Because every Monday I ride 45 minutes on the Q line, from Manhattan to Brooklyn, to see our first and only granddaughter, age 1. When the train emerges from the tunnel and climbs up into light and sky, the edges of the city, the harbor, the waters, are all spread before us, offering an invitation to hope and dreams. Possibility — one that belies the list of Trump nominees, the billionaires and cronies and Sessions, too, a whole gang of thieves whose fundamental character flaws and histories and voting records have everyone around me either anxious or depressed, or both.

There’s a speck out in the water there, as the train climbs the Brooklyn Bridge, a silver lady holding something in her hand, and I rise each time to salute her. She’s the reason my grandparents journeyed here, from Belarutka and Poland, too. She’s the thing with feathers so many have been willing to give their lives for. And I’m only asked this: to wake on Friday at dawn and face the traffic to DC, to lace up my sneakers on Saturday and march.

Because our future, embodied by a one-year-old child, a Jewish girl named after a Sufi poet, Rumi, waits on the other side of that bridge. She is not really waiting — I simply imagine that part: that my presence looms as large in her small life as she does in mine. She is just now tasting language and can say two words: Ba and Ma, a kind of high note question in each syllable, more like the note of a song. She is wonder and possibility itself. And I worry over the planet I’m handing to her—the sorry state of its oceans and skies and rivers.
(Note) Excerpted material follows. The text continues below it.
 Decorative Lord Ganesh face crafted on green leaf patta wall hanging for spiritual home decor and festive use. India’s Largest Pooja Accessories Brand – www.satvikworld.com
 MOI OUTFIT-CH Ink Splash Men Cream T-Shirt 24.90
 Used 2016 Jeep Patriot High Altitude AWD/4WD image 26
I’m marching because I watched our current president give his farewell speech in Chicago last week. There was a moment where he stopped addressing the Big Things and looked down, into the crowd of 20,000 packed into the hall, centering his gaze on his wife’s face. Tears, almost, as he stared at her, unable to speak. I didn’t hear much more of what he said. Something about gratitude, about how she built a White House that welcomed everyone. All I could think was, What a man. What a person. What a human being.
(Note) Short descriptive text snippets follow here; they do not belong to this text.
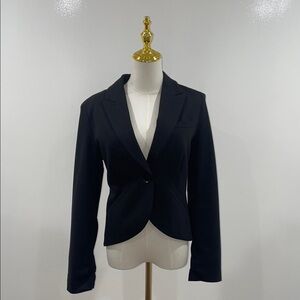 Women’s Black Cropped  Blazer, tailored fit, single-breasted, one-button closure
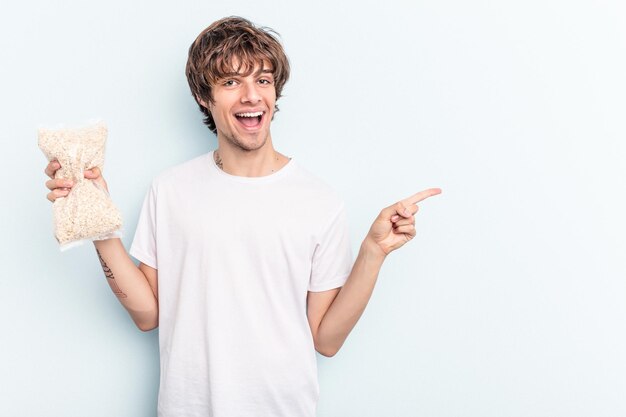 Sorrindo e apontando de lado mostrando algo no espaço em branco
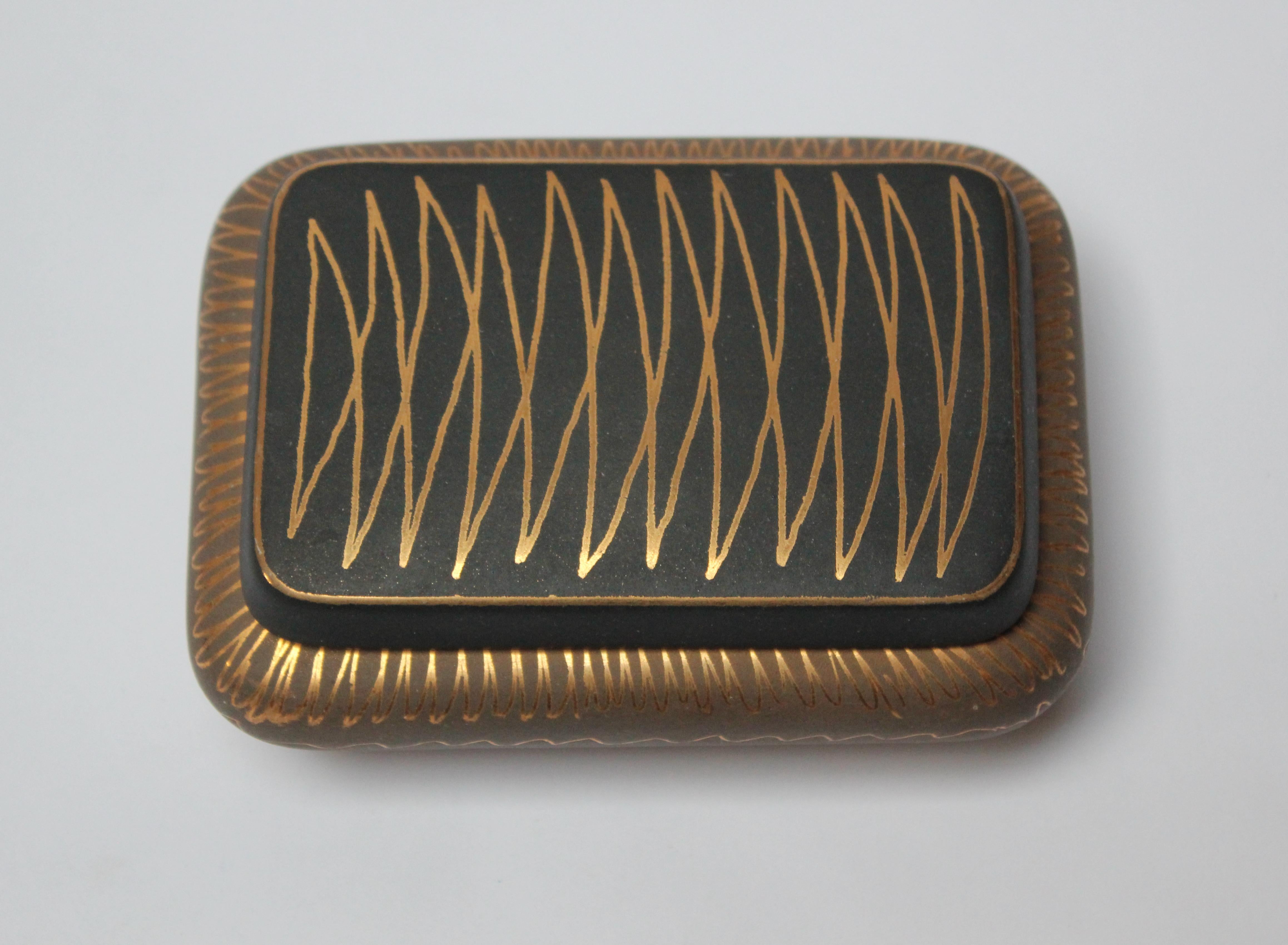 American Small Art Deco Black and Gold Ceramic Decorative Lidded Box by Waylande Gregory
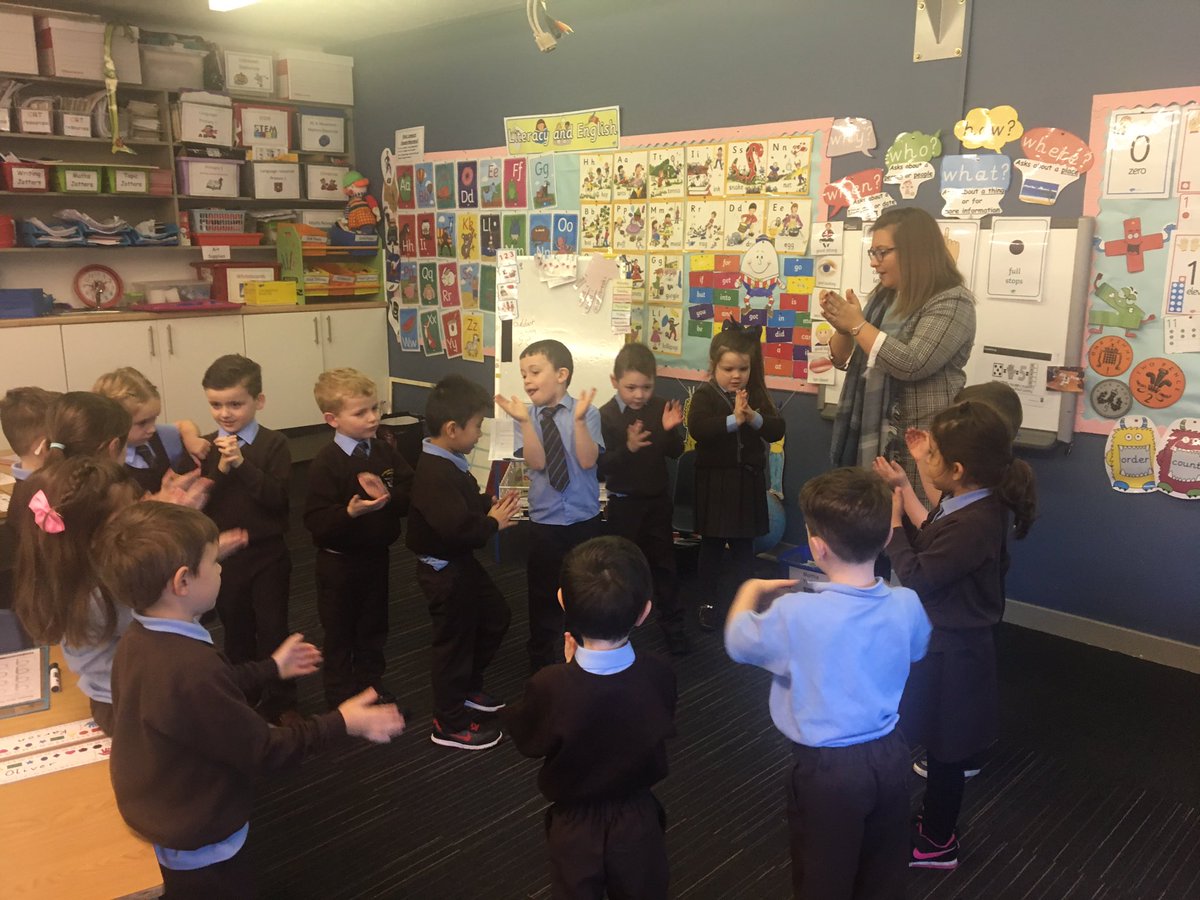 stfrancisoa's tweet photo. Busy morning in P1A full of songs and maths fun 😀@GlasgowCREATE you'd be so proud 😀🎵🎶🎵 #musicmakesushappy #mathsisfun #musicmaths https://t.co/Xq2xvwkokO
How in the world do we move from that — to this? He told us how. He reminded us that we are citizens of this potentially great nation, and of the world, too. Just before watching Obama’s farewell address, I had screened “Requiem for the American Dream.” Chomsky ends the documentary with my teacher, Howard Zinn’s words: “What matters is the countless small deeds of unknown people who lay the basis for the significant events that enter history.”
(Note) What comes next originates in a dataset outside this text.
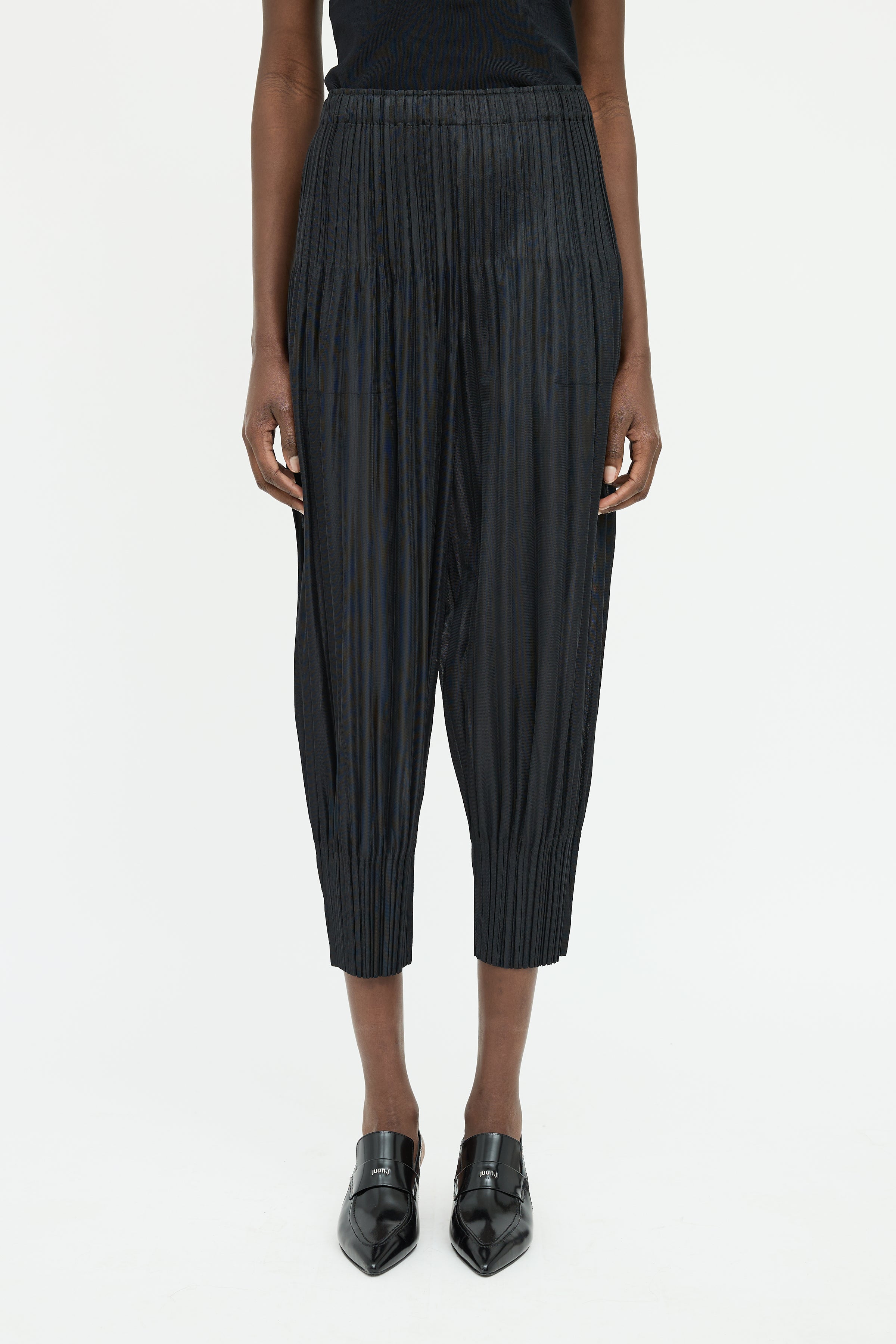 Pleats Please Issey Miyake // Pleated JF Pant – VSP Consignment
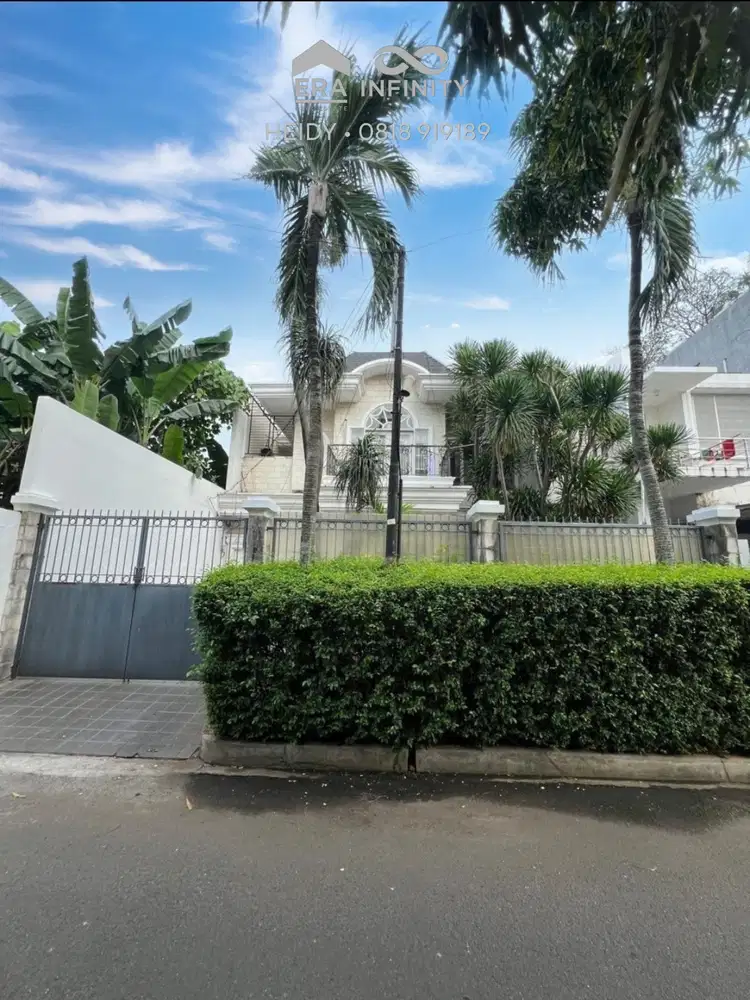 Disewakan Rumah Taman Kedoya Baru Mewah Siap Huni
So, on Friday, my daughter Anielle and her girlfriend, Lily, and me, will get in the car and drive south to DC. We march for all of the women and the men, too, who can’t get themselves there: the guy with the dirty placard on the train, scores of incarcerated people of color, my student in the hijab who couldn’t form words and only cried, my granddaughter and all the granddaughters and grandsons, too, waiting in the wings.

We march against the sorry state of things. We march because this pen, these words, will only take us so far. We march because someone has to say No. And Yes.